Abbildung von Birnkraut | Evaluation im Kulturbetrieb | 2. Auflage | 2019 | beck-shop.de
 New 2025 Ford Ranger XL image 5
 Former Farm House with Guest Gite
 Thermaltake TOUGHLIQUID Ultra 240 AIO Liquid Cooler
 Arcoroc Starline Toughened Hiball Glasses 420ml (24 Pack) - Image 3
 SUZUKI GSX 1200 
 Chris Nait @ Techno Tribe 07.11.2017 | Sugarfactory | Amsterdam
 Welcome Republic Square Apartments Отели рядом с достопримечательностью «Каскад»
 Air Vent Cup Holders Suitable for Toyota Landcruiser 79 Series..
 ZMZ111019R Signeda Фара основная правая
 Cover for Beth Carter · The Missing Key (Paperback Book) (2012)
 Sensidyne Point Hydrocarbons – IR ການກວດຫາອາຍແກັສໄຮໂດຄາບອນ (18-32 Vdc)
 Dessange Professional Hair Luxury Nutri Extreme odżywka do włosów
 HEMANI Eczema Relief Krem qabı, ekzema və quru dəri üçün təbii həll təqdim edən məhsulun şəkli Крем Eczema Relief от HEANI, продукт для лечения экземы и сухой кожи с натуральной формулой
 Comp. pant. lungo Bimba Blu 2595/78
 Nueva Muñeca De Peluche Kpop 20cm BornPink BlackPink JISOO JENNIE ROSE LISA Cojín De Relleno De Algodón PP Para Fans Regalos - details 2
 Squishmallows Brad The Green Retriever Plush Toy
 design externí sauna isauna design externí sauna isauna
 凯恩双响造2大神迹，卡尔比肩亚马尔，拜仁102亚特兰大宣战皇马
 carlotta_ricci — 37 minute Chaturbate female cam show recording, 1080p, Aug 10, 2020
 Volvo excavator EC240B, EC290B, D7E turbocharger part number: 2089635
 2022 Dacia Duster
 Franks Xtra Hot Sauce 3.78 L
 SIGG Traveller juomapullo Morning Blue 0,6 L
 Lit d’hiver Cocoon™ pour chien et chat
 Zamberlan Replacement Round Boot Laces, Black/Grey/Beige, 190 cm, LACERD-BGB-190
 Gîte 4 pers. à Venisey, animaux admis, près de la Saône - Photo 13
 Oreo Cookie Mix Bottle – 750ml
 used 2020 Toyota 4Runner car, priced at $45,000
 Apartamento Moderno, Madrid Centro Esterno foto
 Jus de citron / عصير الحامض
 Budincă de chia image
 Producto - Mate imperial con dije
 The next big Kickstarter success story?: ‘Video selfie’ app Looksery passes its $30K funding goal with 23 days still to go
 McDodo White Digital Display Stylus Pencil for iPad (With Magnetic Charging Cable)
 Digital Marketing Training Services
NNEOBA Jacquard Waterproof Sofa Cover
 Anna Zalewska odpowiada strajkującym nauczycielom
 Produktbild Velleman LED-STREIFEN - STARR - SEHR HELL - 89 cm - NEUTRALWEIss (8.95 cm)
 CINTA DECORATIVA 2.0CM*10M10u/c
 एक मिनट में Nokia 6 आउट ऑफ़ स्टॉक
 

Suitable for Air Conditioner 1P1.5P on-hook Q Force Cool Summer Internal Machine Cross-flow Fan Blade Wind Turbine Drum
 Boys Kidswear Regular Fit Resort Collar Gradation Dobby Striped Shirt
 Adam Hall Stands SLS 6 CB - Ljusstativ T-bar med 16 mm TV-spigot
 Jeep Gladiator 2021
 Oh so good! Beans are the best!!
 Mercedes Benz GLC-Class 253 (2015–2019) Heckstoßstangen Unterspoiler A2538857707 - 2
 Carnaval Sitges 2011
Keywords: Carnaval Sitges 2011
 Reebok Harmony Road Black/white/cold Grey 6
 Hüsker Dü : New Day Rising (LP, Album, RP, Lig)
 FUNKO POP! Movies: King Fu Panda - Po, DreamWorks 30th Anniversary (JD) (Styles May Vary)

■ ■ ■ ■

REQUIRED ACTION:
Give back exactly the lines above starting at the line where "Former Farm House with Guest Gite" appears and ending at the line where "Squishmallows Brad The" appears, both included, with no other lines.

RESPONSE BELOW:
 Former Farm House with Guest Gite
 Thermaltake TOUGHLIQUID Ultra 240 AIO Liquid Cooler
 Arcoroc Starline Toughened Hiball Glasses 420ml (24 Pack) - Image 3
 SUZUKI GSX 1200 
 Chris Nait @ Techno Tribe 07.11.2017 | Sugarfactory | Amsterdam
 Welcome Republic Square Apartments Отели рядом с достопримечательностью «Каскад»
 Air Vent Cup Holders Suitable for Toyota Landcruiser 79 Series..
 ZMZ111019R Signeda Фара основная правая
 Cover for Beth Carter · The Missing Key (Paperback Book) (2012)
 Sensidyne Point Hydrocarbons – IR ການກວດຫາອາຍແກັສໄຮໂດຄາບອນ (18-32 Vdc)
 Dessange Professional Hair Luxury Nutri Extreme odżywka do włosów
 HEMANI Eczema Relief Krem qabı, ekzema və quru dəri üçün təbii həll təqdim edən məhsulun şəkli Крем Eczema Relief от HEANI, продукт для лечения экземы и сухой кожи с натуральной формулой
 Comp. pant. lungo Bimba Blu 2595/78
 Nueva Muñeca De Peluche Kpop 20cm BornPink BlackPink JISOO JENNIE ROSE LISA Cojín De Relleno De Algodón PP Para Fans Regalos - details 2
 Squishmallows Brad The Green Retriever Plush Toy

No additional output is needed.